The answer is to be an exact copy of the lines below running from the line with "Vtg 1990s Women's" down to the line with "Sự Trở Lại Của", both ends included, and nothing more.

Data extract START

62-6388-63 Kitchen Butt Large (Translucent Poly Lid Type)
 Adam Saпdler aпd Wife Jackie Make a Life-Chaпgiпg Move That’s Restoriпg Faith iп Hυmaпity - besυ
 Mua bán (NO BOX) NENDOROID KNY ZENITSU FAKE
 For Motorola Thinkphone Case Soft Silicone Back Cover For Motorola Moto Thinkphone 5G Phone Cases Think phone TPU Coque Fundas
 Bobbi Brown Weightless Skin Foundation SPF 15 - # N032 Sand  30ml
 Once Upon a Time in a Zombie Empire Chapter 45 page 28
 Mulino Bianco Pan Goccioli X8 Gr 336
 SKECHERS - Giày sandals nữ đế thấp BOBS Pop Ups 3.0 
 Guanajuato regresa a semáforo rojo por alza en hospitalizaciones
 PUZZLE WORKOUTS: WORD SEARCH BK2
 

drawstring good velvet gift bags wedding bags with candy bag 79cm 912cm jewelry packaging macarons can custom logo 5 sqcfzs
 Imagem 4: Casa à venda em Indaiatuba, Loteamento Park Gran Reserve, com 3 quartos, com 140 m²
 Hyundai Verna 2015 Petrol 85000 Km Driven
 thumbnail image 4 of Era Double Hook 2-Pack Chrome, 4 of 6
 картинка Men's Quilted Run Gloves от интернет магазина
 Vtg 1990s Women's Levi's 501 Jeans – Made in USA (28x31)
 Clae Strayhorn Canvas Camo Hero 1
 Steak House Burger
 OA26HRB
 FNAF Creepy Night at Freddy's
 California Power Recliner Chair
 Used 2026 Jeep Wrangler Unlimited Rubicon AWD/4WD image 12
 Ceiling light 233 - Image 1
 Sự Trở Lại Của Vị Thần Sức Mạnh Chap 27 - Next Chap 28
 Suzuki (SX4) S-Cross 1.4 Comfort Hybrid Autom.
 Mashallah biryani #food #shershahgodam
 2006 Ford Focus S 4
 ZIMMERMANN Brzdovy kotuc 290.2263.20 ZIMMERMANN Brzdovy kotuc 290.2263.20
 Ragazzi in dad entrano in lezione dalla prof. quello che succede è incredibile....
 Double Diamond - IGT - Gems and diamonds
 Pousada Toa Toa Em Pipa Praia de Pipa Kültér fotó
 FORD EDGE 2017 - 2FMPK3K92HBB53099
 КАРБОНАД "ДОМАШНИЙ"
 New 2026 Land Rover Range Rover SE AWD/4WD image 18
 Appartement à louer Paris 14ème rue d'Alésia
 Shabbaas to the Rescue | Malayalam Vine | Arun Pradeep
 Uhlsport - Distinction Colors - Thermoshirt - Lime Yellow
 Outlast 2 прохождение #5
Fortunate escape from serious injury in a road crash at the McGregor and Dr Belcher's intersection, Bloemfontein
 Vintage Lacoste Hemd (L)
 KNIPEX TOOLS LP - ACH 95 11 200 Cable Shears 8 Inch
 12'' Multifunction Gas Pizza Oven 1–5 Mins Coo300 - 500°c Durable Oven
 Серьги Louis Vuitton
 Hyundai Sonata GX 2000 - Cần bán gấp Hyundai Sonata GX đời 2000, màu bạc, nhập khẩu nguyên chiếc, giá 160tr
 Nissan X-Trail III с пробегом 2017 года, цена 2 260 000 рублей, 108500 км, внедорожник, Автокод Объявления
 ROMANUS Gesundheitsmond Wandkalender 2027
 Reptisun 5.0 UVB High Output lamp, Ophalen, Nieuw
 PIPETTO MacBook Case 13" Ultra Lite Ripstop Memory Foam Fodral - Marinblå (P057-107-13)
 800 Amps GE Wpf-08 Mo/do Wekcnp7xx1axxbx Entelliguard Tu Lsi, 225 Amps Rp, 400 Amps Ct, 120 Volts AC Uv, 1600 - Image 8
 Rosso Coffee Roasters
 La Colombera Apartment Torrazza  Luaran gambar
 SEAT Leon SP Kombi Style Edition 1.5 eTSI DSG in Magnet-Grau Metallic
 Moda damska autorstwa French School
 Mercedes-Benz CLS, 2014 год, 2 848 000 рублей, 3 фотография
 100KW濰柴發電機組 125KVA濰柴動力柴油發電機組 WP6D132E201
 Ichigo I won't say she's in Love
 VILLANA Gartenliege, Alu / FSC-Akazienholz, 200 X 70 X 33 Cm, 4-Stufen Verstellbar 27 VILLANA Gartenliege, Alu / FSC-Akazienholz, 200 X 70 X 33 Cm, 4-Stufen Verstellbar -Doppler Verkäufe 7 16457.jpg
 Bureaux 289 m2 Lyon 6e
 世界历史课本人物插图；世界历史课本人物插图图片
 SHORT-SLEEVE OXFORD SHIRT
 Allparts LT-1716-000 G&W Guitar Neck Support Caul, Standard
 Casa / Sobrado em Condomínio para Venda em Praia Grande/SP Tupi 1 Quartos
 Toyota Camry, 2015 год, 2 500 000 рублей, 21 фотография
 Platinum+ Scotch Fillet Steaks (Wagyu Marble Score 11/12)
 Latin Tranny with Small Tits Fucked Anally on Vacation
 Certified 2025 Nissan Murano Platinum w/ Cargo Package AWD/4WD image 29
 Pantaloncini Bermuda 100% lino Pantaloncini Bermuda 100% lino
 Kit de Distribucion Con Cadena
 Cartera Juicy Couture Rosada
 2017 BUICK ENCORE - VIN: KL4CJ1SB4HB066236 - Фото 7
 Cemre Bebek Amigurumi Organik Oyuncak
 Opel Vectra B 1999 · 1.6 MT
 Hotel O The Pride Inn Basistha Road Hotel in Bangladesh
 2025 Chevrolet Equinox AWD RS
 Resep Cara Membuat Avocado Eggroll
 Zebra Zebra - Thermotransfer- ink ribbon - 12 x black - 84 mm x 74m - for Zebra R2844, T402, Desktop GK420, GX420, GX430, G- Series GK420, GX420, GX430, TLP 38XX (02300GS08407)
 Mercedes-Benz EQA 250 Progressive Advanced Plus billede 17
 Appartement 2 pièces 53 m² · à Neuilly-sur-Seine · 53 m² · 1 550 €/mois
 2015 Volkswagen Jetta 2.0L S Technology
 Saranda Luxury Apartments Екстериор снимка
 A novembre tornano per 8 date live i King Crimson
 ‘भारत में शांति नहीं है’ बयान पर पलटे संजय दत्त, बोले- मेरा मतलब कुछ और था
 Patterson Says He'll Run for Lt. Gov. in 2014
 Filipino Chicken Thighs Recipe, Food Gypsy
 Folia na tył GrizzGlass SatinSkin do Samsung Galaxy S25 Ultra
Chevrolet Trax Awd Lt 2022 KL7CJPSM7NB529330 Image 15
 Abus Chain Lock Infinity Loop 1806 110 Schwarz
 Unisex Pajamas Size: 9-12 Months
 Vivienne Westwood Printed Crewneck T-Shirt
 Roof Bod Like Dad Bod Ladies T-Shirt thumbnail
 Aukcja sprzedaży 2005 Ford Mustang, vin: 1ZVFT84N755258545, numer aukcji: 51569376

Data extract END

## Output of the exercise
 Vtg 1990s Women's Levi's 501 Jeans – Made in USA (28x31)
 Clae Strayhorn Canvas Camo Hero 1
 Steak House Burger
 OA26HRB
 FNAF Creepy Night at Freddy's
 California Power Recliner Chair
 Used 2026 Jeep Wrangler Unlimited Rubicon AWD/4WD image 12
 Ceiling light 233 - Image 1
 Sự Trở Lại Của Vị Thần Sức Mạnh Chap 27 - Next Chap 28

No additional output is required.